Ulasfakta – Di balik hiruk-pikuk aktivitas tambang bauksit di Desa Marok Tua, Kecamatan Singkep Barat, Kabupaten Lingga, Kepulauan Riau, tersimpan konflik rumit yang melibatkan perusahaan tambang, tuntutan masyarakat, aksi kekerasan, dan lemahnya pengawasan dari pihak berwenang.
PT Hermina Jaya saat ini tengah memuat sekitar 180 ribu ton bauksit ke dalam kapal, namun bukan hanya mineral yang keluar dari pelabuhan tersebut. Persoalan hukum dan janji-janji yang belum ditepati ikut terbawa dalam proses tersebut.
Warga Menuntut Janji yang Belum Terwujud
Sejak April 2025, warga Desa Marok Tua secara bergantian melakukan aksi blokade di pelabuhan untuk menghentikan aktivitas loading.
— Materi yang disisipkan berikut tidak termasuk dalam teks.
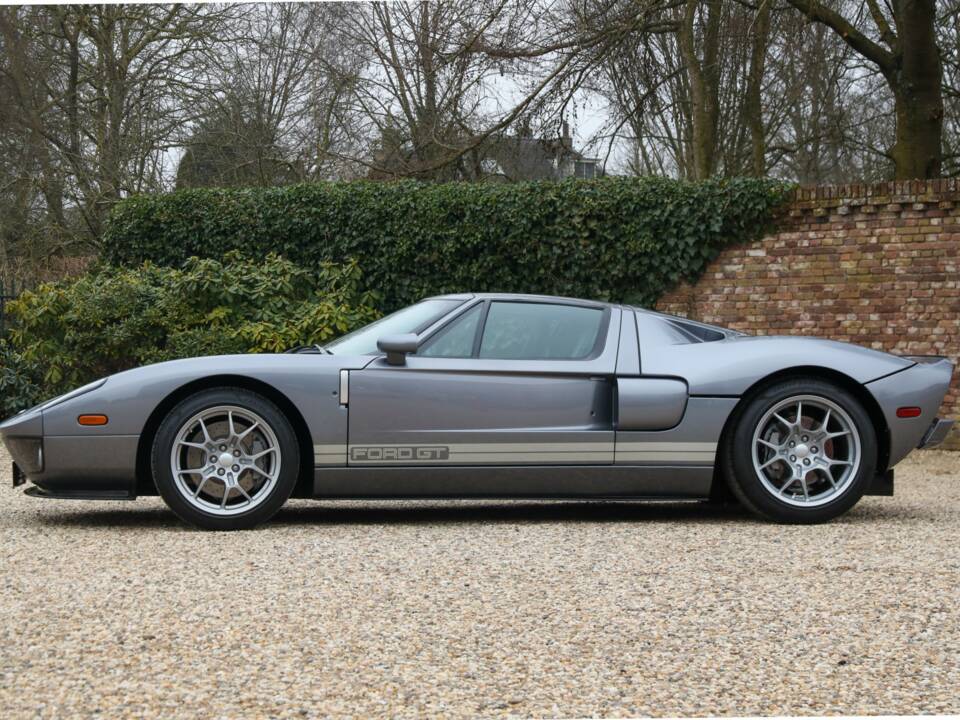 Bild 25/50 von Ford GT (2006)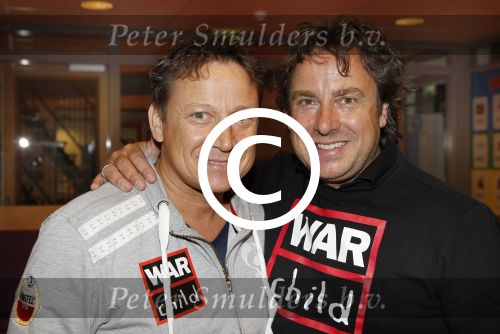 Tilburg, 12 Juni 2012
Voorstelling Musical op de basisschool Klinkers
Armando Borsato met zijn broer Marco Borsato
Foto Peter Smulders BV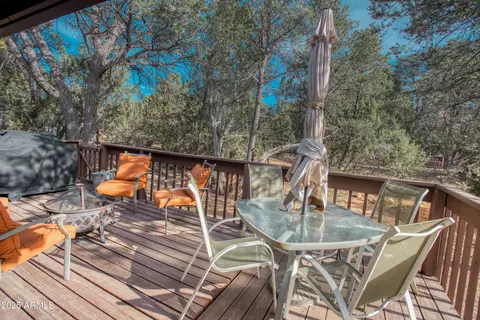 Exterior - 2273 Trail Cir, Overgaard, AZ 85933 photo 2 of 2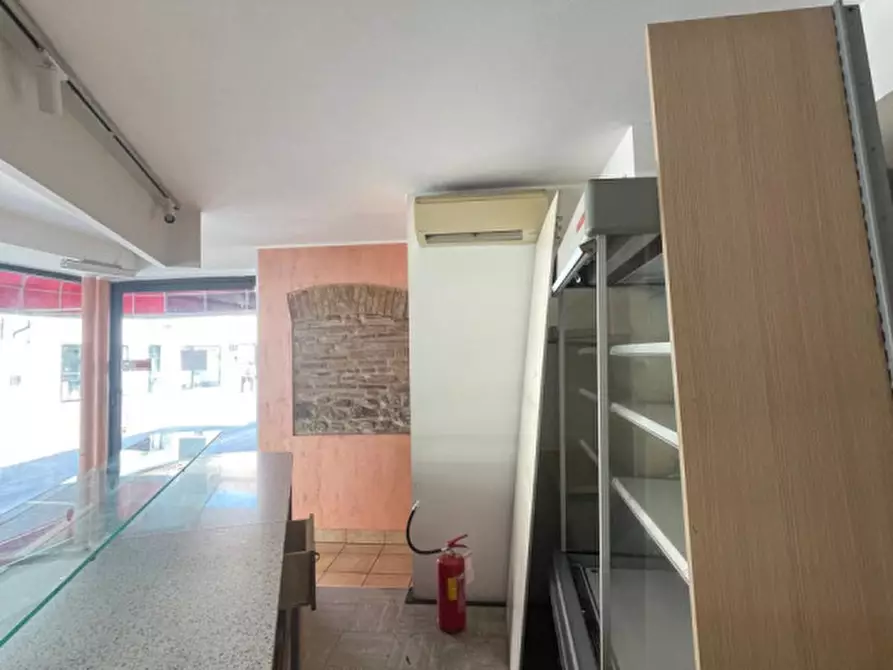 Immagine 3 di Negozio in affitto  in Viale delle Terme a Abano Terme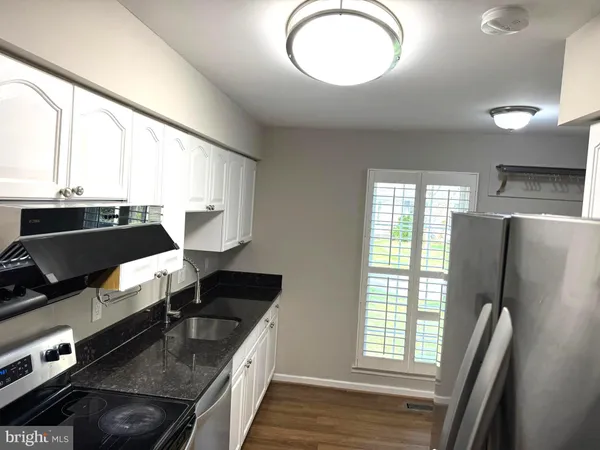 $699,000 | 10542 Reed's Landing Circle, Burke, VA 22015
Mereka didukung berbagai kelompok seperti Melayu Raya, Elang Laut, dan Laskar Merah Putih, menuntut pemenuhan hak setelah hampir 15 tahun janji dari perusahaan tidak terealisasi.
Tanah yang sempat diambil belum dikembalikan, ganti rugi belum dibayar, dan kompensasi bulanan sebesar Rp250 ribu per kepala keluarga yang dijanjikan hilang tanpa jejak.
Safarudin, tokoh masyarakat setempat, dengan tegas menyatakan, “Kalau hak kami tidak dipenuhi, kami siap melakukan aksi lebih besar, bahkan membakar tongkang!” ujarnya saat aksi pada 18 April lalu.
Meski warga pernah menerima dana kompensasi sebesar Rp8,5 juta per kepala keluarga dan uang sagu hati bagi pemilik kelong, kompensasi rutin selama operasi tambang tidak pernah diberikan. “Kalau kelong dibayar, kenapa kompensasi bulanan dianggap tidak sah?” kata Safarudin.
Perusahaan Berikan Klarifikasi
Manajemen PT Hermina Jaya melalui Afdhal menyatakan mereka tidak melakukan penambangan baru, melainkan hanya mengangkut stok bauksit lama yang tertahan akibat regulasi.
Namun pernyataan tersebut kurang mendapat kepercayaan dari warga. Legalitas pelabuhan pun dipertanyakan karena izin Terminal Khusus (Tersus) disebut sudah tidak berlaku dan sedang dalam proses perpanjangan, yang dikonfirmasi oleh Dinas PUTR Lingga.
Sengketa Hukum Antar Perusahaan
Selain persoalan warga, PT Hermina Jaya juga terlibat sengketa hukum dengan PT Karyaraya Adipratama (KRAP). Pengadilan Negeri Batam mengabulkan gugatan wanprestasi yang diajukan KRAP, meski masih dalam tahap banding.
Jack Kuhon, kuasa hukum KRAP, mengancam, “Jika stok bauksit habis sebelum putusan final, tindakan itu bisa dikategorikan sebagai penggelapan terhadap objek sengketa.”
Pengawasan Pemerintah yang Lemah
Rapat Dengar Pendapat (RDP) Komisi I DPRD Lingga mengungkapkan fakta mengejutkan, bahwa meskipun PT Hermina Jaya memiliki IUP produksi hingga 2029, dokumen lingkungan dan izin Terminal Khusus belum lengkap.
Ketua Komisi I DPRD Lingga, Riono, menyayangkan kondisi ini. “Semua kewenangan ada di pusat dan provinsi, kami di kabupaten seperti macan ompong,” ujarnya dengan nada kecewa.
Kekerasan di Area Tambang
Ketegangan mencapai puncaknya saat sebuah video yang merekam aksi pemukulan terhadap warga bernama NH di lokasi tambang viral. Peristiwa itu terjadi ketika pihak luar berusaha memverifikasi aktivitas tambang namun dihalangi oleh subkontraktor perusahaan.
Tokoh masyarakat Ruslan mengecam keras tindakan tersebut. “Kekerasan tidak boleh dibiarkan. Penegakan hukum harus tegas dan tanpa pilih kasih,” tegasnya.
Dinas Pelabuhan Pilih Bungkam
Ketua KUPP Kelas III Dabo Singkep, Mahyudin, enggan memberikan komentar saat dikonfirmasi terkait legalitas pelayaran kapal tongkang milik PT Hermina Jaya, yang membawa bauksit dalam sengketa hukum.
Sikap tertutup ini dikritik oleh Jack Kuhon sebagai bentuk pembiaran. “Negara seharusnya berperan sebagai penengah, bukan membiarkan pelanggaran terus terjadi,” katanya.